Yeah, it reads does read like bad teenaged fanfic.

It was published a short time after Mr. Boehm death, and Mrs. Boehm undoubtedly had a hand in shaping the final manuscript as a final tribute. It’s not entirely unusable as a resource - there are a lot of lovely sketches, rare personal photographs, and descriptions of his working processes. Here’s a photograph that might look a little familiar:


It’s the presentation piece of the Hereford Bull, given by Mrs. Boehm to President and Mrs. Eisenhower in the spring of 1954. That date is … interesting.

Boehm’s Hereford was introduced in 1950. He was among the first Boehm pieces to be produced for general sale, but he wasn’t the first Boehm Breyer decided to adapt: that would be the Boxer, who was also among Boehm’s earliest releases.

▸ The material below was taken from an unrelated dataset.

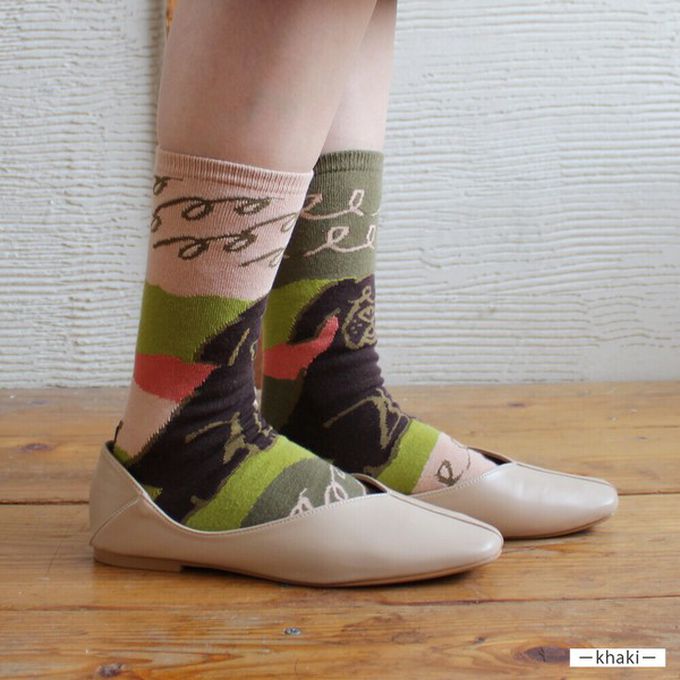 日本女裝代購 - 日本製 伊索寓言印花長襪-貪心的狗-灰x綠 (23-25cm)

Breyer’s adaptation of the Boxer was available by early 1953: I have a short article from the January, 1953 issue of Playthings announcing his arrival. ("Tenite Boxer Newest Breyer Animal Creation." p.169.) Why Breyer decided to adapt the Boxer first is unknown: his sleek, simplified contours probably made him an safer and bet. Safer and easier than the Hereford and Brahma, anyway.

We’re not entirely sure of the initial release date for Breyer’s adaptation of the Hereford. It was possibly as early as 1955, though the earliest datable reference I have for him is an appearance in the 1956 Alden’s Christmas Catalog (the Boehm-inspired Brahma appears on another page in the same catalog.)

The biography points out repeatedly that Mrs. Boehm was the promotional whiz of the company, constantly seeking out new photo ops, arranging exhibitions, and pestering local media outlets. It makes me wonder what the level of publicity was surrounding the presentation of the Bull to the Eisenhowers, and if any of it made into the Chicago press.

There’s probably nothing to it, but I’ll make note of it on my research-to-do list.